Oesterle is no hero, no Norris candidate, or some huge difference-maker. The product of Dearborn Heights, Michigan, has spent seven years in the NHL and is returning home for his eighth season. He was signed by Edmonton Oilers out of college after playing for the Western Michigan Broncos in college.
He signed a two-year deal worth $1.35 million annually to be a part of the team’s defense core. It’s a move to add depth and should be viewed as such. He’s going to be someone that slots in wherever he can, and his ability to play both sides and play off-hand will add to his value.
Detroit Red Wings signee Jordan Oesterle is the odd man out.
In his last few seasons, Oesterle has been out in Arizona playing for the Coyotes. In last year’s shortened season, Oesterle logged 43 games where he had a goal and ten assists for 11 total points.
He has not been a real threat on the blue line to score, but he can be an extra guy. He is the odd man out in the Red Wings defense core, but it makes sense. The team has six guys who are likely to get time in front of him, possibly more depending on how things shake out with Moritz Seider and Gustav Lindstrom.

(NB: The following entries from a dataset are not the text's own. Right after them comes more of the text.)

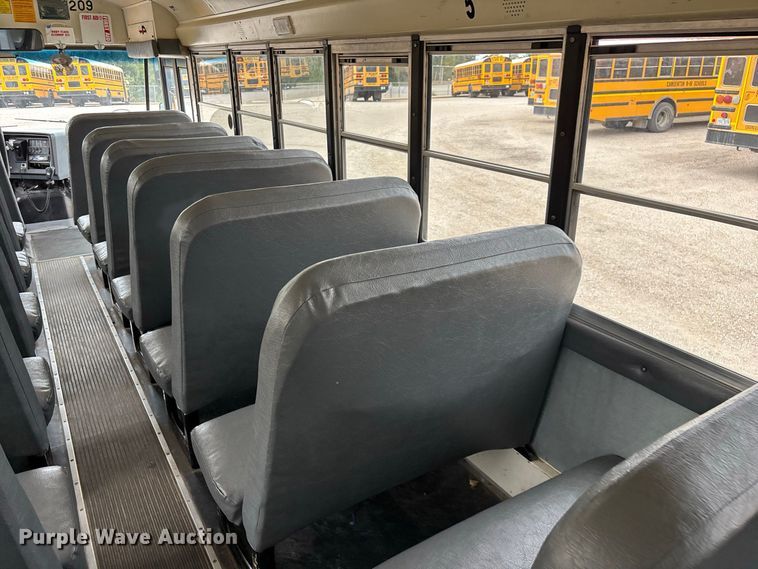 image for item FG0739 2013 IC CE school bus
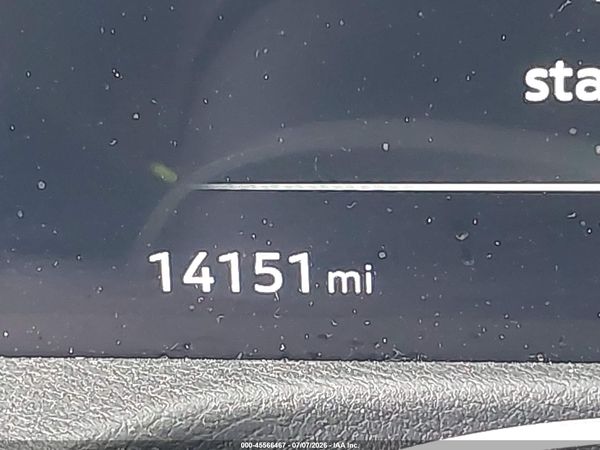 2025 NISSAN ARMADA PLATINUM RESERVE 4WD — I118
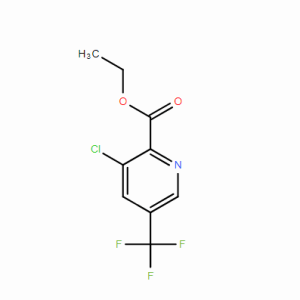 3-氯-5-三氟甲基-2-吡啶甲酸乙酯CAS号128073-16-5； （现货优势供应/质量保证）
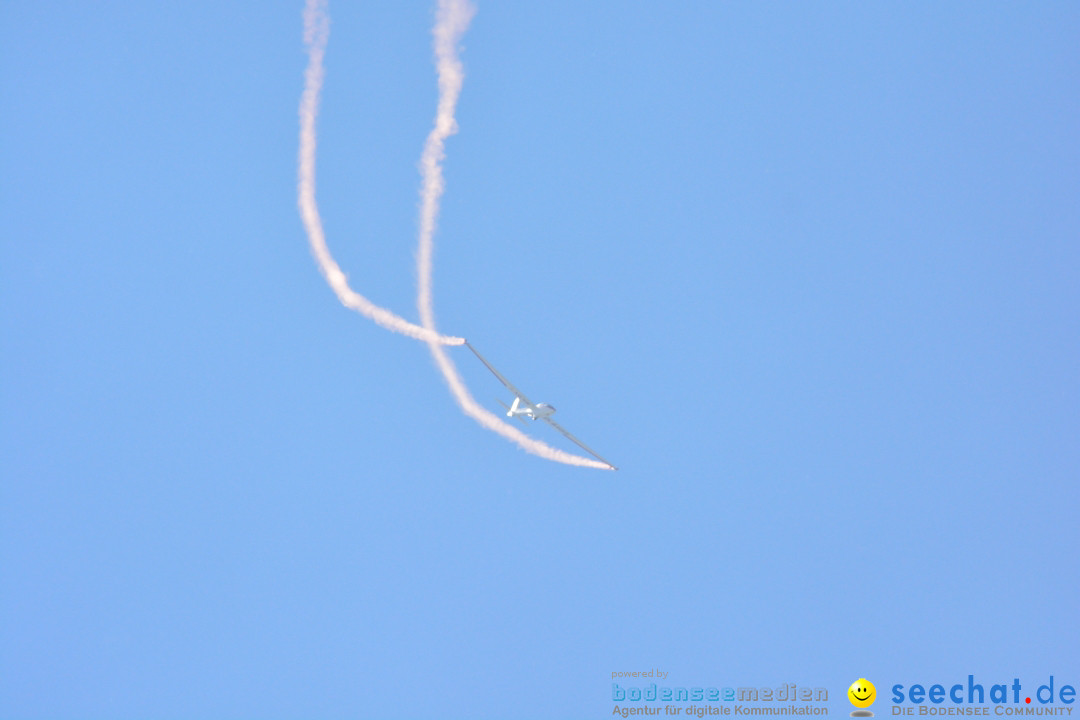 Flugshow - Klassikwelt Bodensee: Friedrichshafen, 16.06.2013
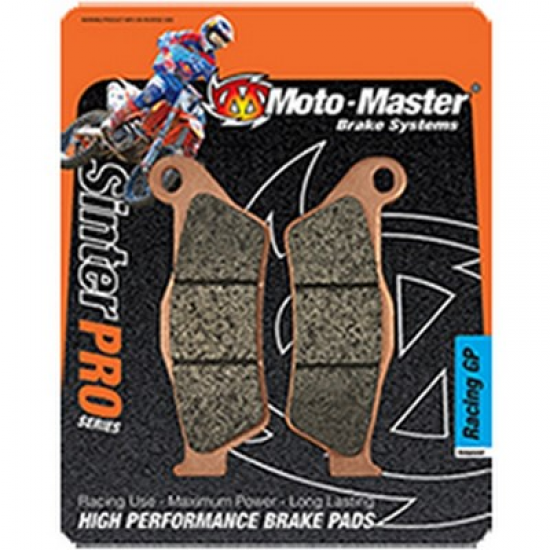 KTM SX 85 2003-2010 SPR GP MOTO-MASTER FRONT OR REAR BRAKE PADS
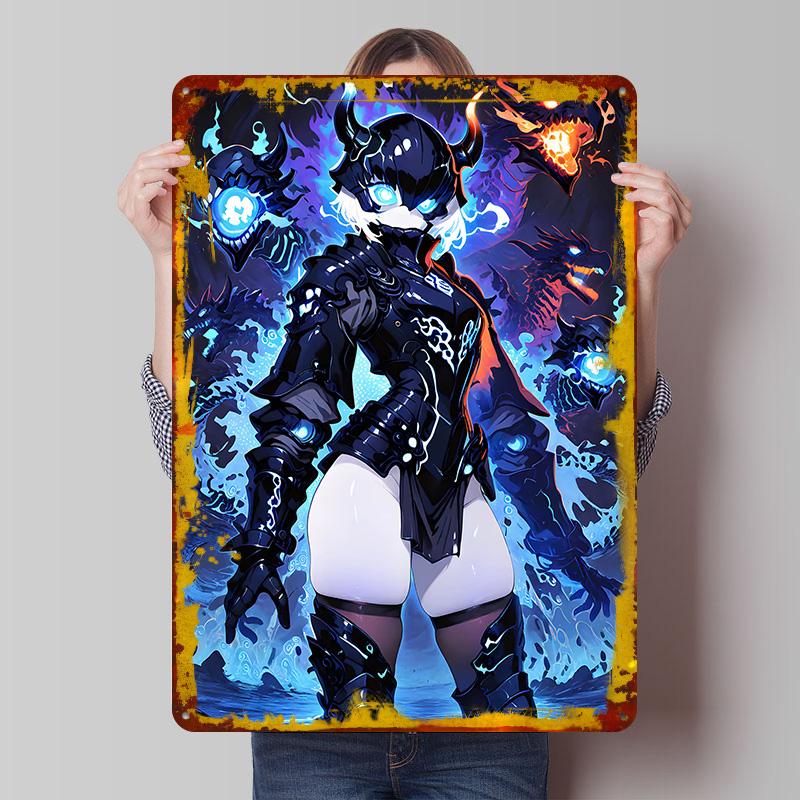 Armored Warrior With Dragons Poster Customized Wall Art Vintage Metal Signs Retro Tin Plaque for Man Cave Home Decorations Decor 20x30cm(7.8x11.8inch)
Armored Warrior With Dragons Poster Customized Wall Art Vintage Metal Signs Retro Tin Plaque for Man Cave Home Decorations Decor 20x30cm(7.8x11.8inch)
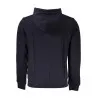 SWEAT-SHIRT ZIPPÉ NAPAPIJRI HOMME BLEU - NAPAPIJRI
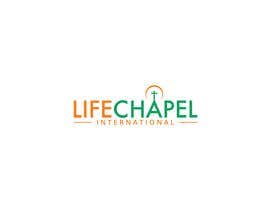 #459 pёr Design a logo for &quot;Life Chapel International&quot; nga mdatikurislam013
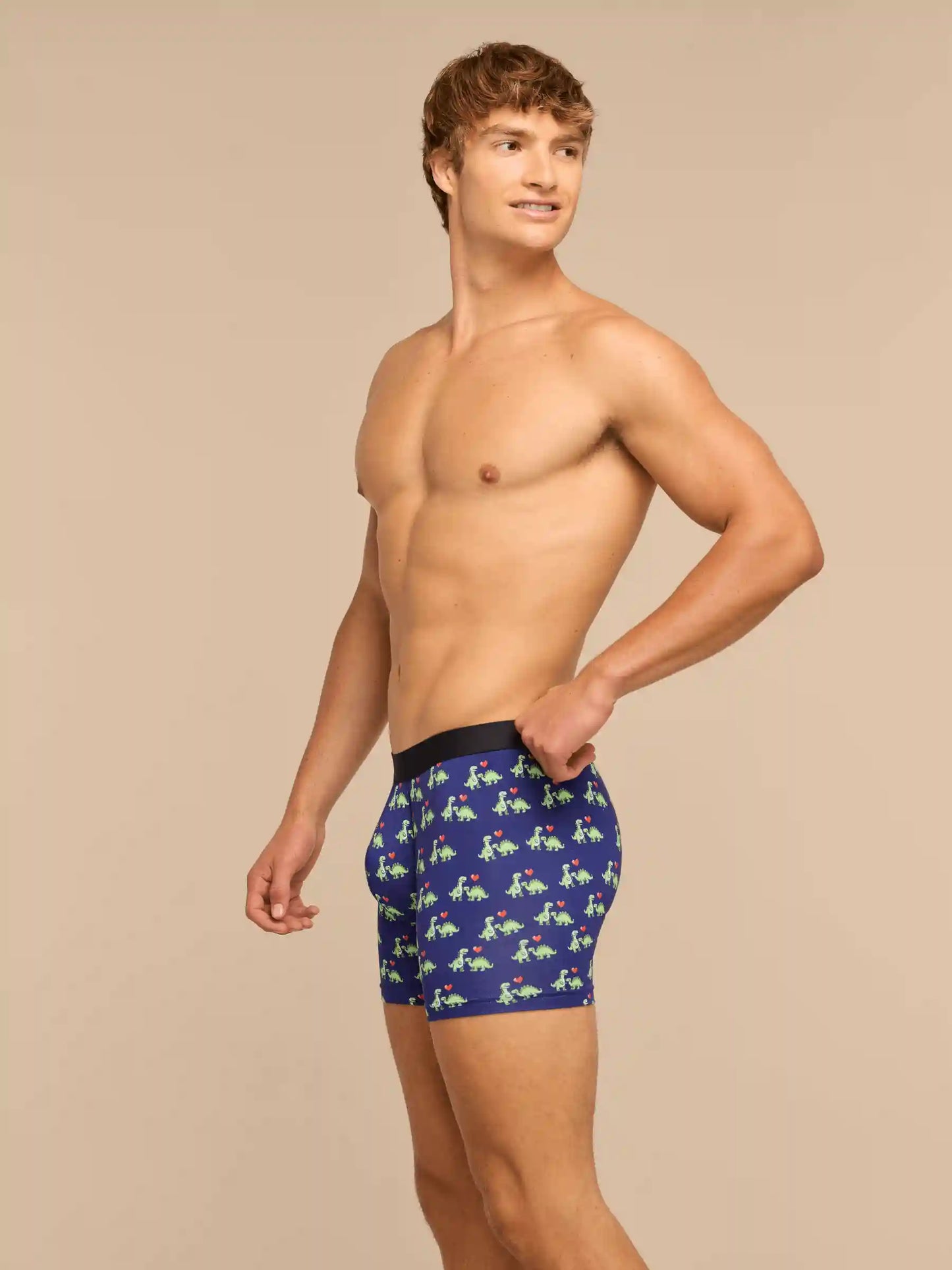 UltraModal™ Core Boxer Brief | Jurassic Joy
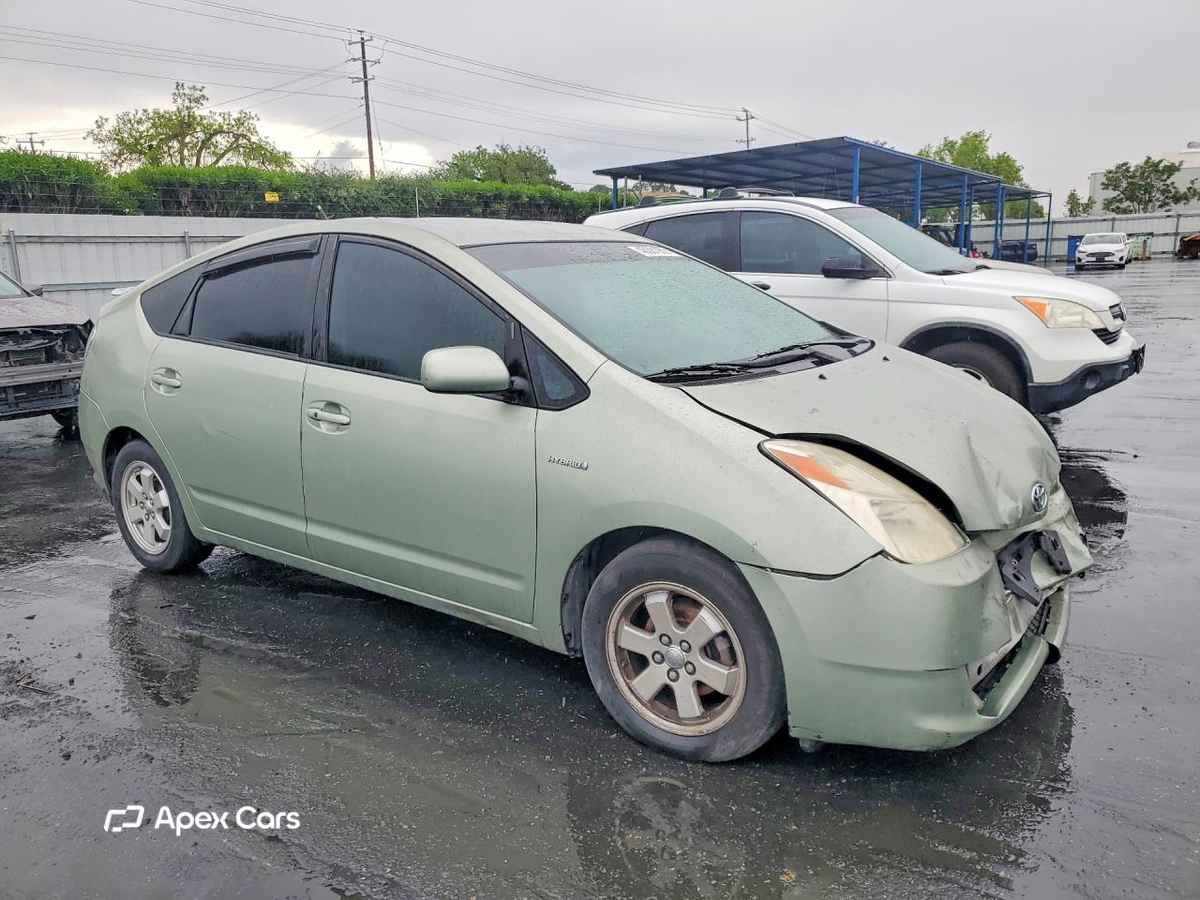 Toyota Prius 2007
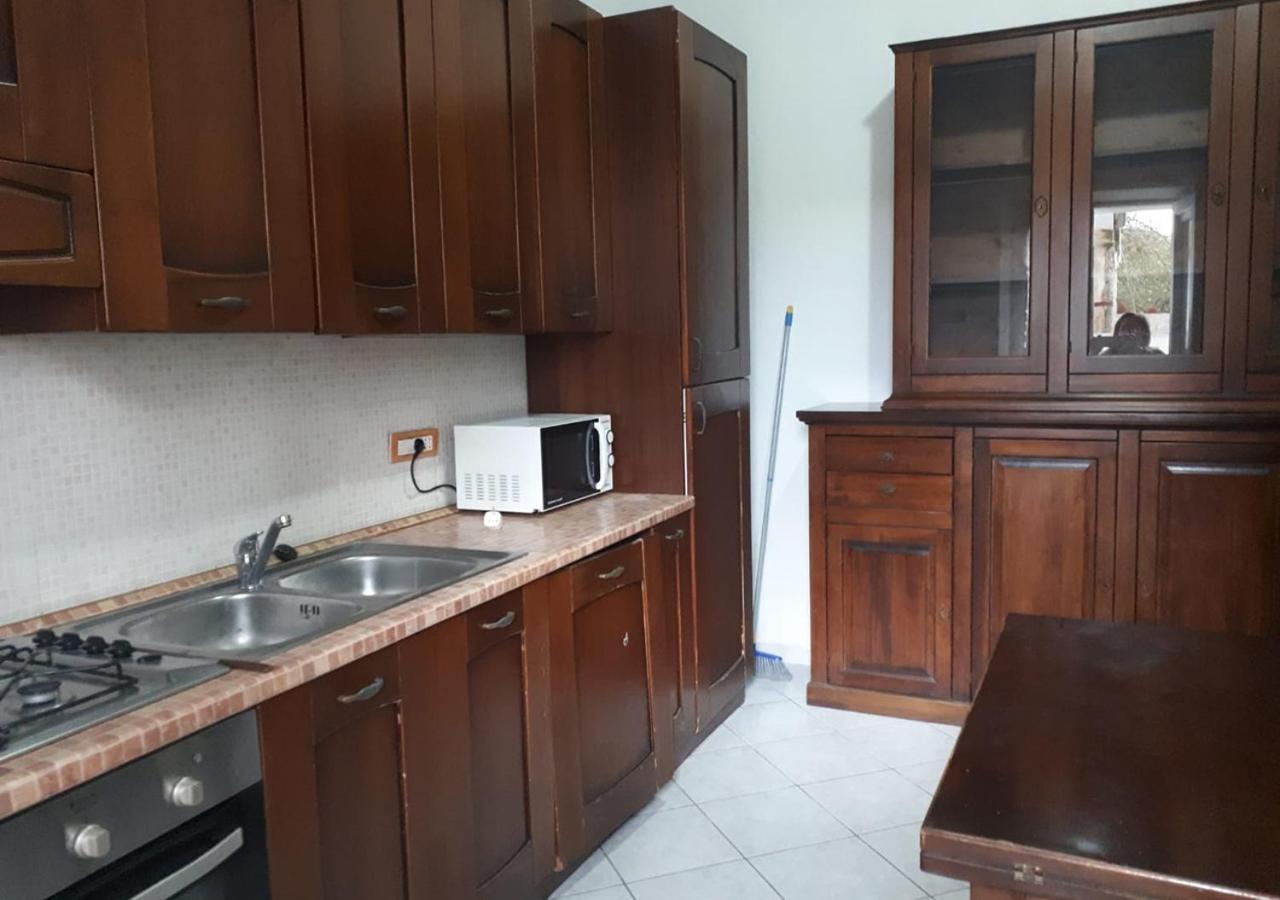 Galluras B&B Olbia Buitenkant foto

Under the assumption that Oesterle will be the team’s seventh defenseman, he will find ways into games and be the extra player dressed. If he can provide a night of rest for some of the veterans and slot in where needed, his “odd man out” role could be clutch.
He has the ability to play off-hand and break the stereotype. It feels like a lot of times, coaches and teams are shy to play a defenseman on the off-hand side. For example, I would love to see Seider and Filip Hronek on the same pairing, but both are right-defensemen.
So, while Oesterle may not be someone who jumps off the page at you, he could be the swiss army knife defender who slots in when needed. After all, he’s going to be here for the next two seasons, and if he can be a reliable third pairing or fill-in guy, there should be plenty of value for him.
It will be interesting to see how the Red Wings use Oesterle in 2021-22.